Stock markets slide back as all eyes on U.S. economic data and tariffs
U.S. stock markets opened lower as economic growth slowed more than expected and inflation data showed an unexpected rise.
U.S. stock markets were poised for a lower opening on Friday following disappointing economic data that indicated a slower-than-expected growth rate for the fourth quarter. According to the Commerce Department’s Bureau of Economic Analysis, the gross domestic product (GDP) rose at an annualized rate of only 1.4 percent, significantly below the anticipated three percent. This slowdown was attributed in part to the disruptions caused by last year's record government shutdown and a decrease in consumer spending.

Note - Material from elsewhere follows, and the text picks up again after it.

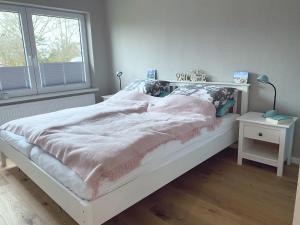 ein weißes Bett in einem Zimmer mit Fenster in der Unterkunft Sophienrast in Husum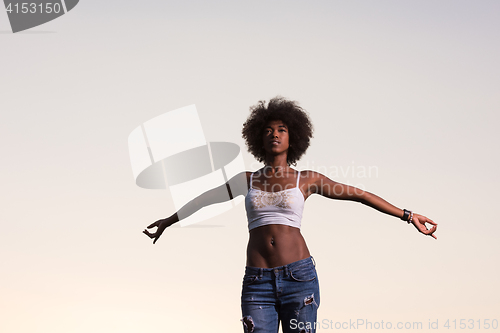 Image of young black woman in nature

Additionally, inflation concerns have escalated as a separate report revealed that the core inflation rate measured by the Personal Consumption Expenditure index rose 0.4 percent in December, exceeding economists' predictions of a 0.3 percent increase. This uptick in inflation has raised speculation about the potential timing of future interest-rate cuts by the Federal Reserve, with traders increasingly betting that the central bank will implement its next cut in July.
The combination of slowing economic growth and rising inflation presents a complex backdrop for investors, as they weigh the risks of the economic outlook against potential monetary policy adjustments. Market reactions will likely be influenced further by forthcoming economic indicators and the Fed's response to these developments, shaping investor sentiment moving forward.